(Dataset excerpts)
==================================================
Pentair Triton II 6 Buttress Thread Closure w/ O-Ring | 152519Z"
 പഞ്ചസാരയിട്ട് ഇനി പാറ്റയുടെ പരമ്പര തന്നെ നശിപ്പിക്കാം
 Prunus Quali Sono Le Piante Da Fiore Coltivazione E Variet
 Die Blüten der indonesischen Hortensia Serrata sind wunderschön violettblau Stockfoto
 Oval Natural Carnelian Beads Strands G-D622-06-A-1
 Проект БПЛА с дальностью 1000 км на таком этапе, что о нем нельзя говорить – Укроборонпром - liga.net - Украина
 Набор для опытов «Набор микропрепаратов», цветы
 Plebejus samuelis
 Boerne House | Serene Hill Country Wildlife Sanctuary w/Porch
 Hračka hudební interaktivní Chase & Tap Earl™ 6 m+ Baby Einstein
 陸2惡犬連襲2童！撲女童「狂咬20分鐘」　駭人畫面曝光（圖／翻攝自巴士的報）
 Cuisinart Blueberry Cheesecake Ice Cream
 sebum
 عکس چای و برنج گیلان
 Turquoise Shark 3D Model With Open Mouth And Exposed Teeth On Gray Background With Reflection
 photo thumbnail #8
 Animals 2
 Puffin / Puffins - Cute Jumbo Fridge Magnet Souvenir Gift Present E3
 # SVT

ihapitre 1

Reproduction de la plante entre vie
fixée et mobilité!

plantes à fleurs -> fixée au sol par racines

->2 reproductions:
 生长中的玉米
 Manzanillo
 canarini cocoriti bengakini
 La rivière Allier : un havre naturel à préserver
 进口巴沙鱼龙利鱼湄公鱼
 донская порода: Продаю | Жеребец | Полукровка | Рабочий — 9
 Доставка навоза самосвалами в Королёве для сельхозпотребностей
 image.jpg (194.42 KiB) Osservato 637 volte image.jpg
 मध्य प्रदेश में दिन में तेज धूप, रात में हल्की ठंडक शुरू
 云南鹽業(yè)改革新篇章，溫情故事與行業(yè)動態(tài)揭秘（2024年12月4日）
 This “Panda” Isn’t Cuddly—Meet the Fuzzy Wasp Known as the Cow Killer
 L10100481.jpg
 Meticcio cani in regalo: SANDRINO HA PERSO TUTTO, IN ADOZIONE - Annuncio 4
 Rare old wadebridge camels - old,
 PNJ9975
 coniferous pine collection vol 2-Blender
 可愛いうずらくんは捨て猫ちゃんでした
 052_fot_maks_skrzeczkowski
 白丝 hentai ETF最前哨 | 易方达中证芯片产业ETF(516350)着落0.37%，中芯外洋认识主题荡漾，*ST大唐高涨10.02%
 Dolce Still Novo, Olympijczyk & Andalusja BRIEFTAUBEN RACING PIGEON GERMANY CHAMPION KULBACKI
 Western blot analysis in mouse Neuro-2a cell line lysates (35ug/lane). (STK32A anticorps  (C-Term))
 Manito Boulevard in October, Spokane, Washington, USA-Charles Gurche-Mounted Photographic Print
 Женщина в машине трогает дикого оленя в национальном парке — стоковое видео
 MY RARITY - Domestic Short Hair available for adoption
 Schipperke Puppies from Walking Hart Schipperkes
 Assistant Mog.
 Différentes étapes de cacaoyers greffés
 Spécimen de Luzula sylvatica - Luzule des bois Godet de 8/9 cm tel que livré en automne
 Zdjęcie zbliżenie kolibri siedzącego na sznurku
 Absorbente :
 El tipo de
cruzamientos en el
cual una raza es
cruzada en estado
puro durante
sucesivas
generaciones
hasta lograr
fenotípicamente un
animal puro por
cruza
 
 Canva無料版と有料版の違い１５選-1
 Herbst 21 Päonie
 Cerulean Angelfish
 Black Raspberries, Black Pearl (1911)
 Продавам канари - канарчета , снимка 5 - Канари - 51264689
==================================================
What this task involves
The records above must be reproduced word for word.

Exercise solution
Pentair Triton II 6 Buttress Thread Closure w/ O-Ring | 152519Z"
 പഞ്ചസാരയിട്ട് ഇനി പാറ്റയുടെ പരമ്പര തന്നെ നശിപ്പിക്കാം
 Prunus Quali Sono Le Piante Da Fiore Coltivazione E Variet
 Die Blüten der indonesischen Hortensia Serrata sind wunderschön violettblau Stockfoto
 Oval Natural Carnelian Beads Strands G-D622-06-A-1
 Проект БПЛА с дальностью 1000 км на таком этапе, что о нем нельзя говорить – Укроборонпром - liga.net - Украина
 Набор для опытов «Набор микропрепаратов», цветы
 Plebejus samuelis
 Boerne House | Serene Hill Country Wildlife Sanctuary w/Porch
 Hračka hudební interaktivní Chase & Tap Earl™ 6 m+ Baby Einstein
 陸2惡犬連襲2童！撲女童「狂咬20分鐘」　駭人畫面曝光（圖／翻攝自巴士的報）
 Cuisinart Blueberry Cheesecake Ice Cream
 sebum
 عکس چای و برنج گیلان
 Turquoise Shark 3D Model With Open Mouth And Exposed Teeth On Gray Background With Reflection
 photo thumbnail #8
 Animals 2
 Puffin / Puffins - Cute Jumbo Fridge Magnet Souvenir Gift Present E3
 # SVT

ihapitre 1

Reproduction de la plante entre vie
fixée et mobilité!

plantes à fleurs -> fixée au sol par racines

->2 reproductions:
 生长中的玉米
 Manzanillo
 canarini cocoriti bengakini
 La rivière Allier : un havre naturel à préserver
 进口巴沙鱼龙利鱼湄公鱼
 донская порода: Продаю | Жеребец | Полукровка | Рабочий — 9
 Доставка навоза самосвалами в Королёве для сельхозпотребностей
 image.jpg (194.42 KiB) Osservato 637 volte image.jpg
 मध्य प्रदेश में दिन में तेज धूप, रात में हल्की ठंडक शुरू
 云南鹽業(yè)改革新篇章，溫情故事與行業(yè)動態(tài)揭秘（2024年12月4日）
 This “Panda” Isn’t Cuddly—Meet the Fuzzy Wasp Known as the Cow Killer
 L10100481.jpg
 Meticcio cani in regalo: SANDRINO HA PERSO TUTTO, IN ADOZIONE - Annuncio 4
 Rare old wadebridge camels - old,
 PNJ9975
 coniferous pine collection vol 2-Blender
 可愛いうずらくんは捨て猫ちゃんでした
 052_fot_maks_skrzeczkowski
 白丝 hentai ETF最前哨 | 易方达中证芯片产业ETF(516350)着落0.37%，中芯外洋认识主题荡漾，*ST大唐高涨10.02%
 Dolce Still Novo, Olympijczyk & Andalusja BRIEFTAUBEN RACING PIGEON GERMANY CHAMPION KULBACKI
 Western blot analysis in mouse Neuro-2a cell line lysates (35ug/lane). (STK32A anticorps  (C-Term))
 Manito Boulevard in October, Spokane, Washington, USA-Charles Gurche-Mounted Photographic Print
 Женщина в машине трогает дикого оленя в национальном парке — стоковое видео
 MY RARITY - Domestic Short Hair available for adoption
 Schipperke Puppies from Walking Hart Schipperkes
 Assistant Mog.
 Différentes étapes de cacaoyers greffés
 Spécimen de Luzula sylvatica - Luzule des bois Godet de 8/9 cm tel que livré en automne
 Zdjęcie zbliżenie kolibri siedzącego na sznurku
 Absorbente :
 El tipo de
cruzamientos en el
cual una raza es
cruzada en estado
puro durante
sucesivas
generaciones
hasta lograr
fenotípicamente un
animal puro por
cruza
 
 Canva無料版と有料版の違い１５選-1
 Herbst 21 Päonie
 Cerulean Angelfish
 Black Raspberries, Black Pearl (1911)
 Продавам канари - канарчета , снимка 5 - Канари - 51264689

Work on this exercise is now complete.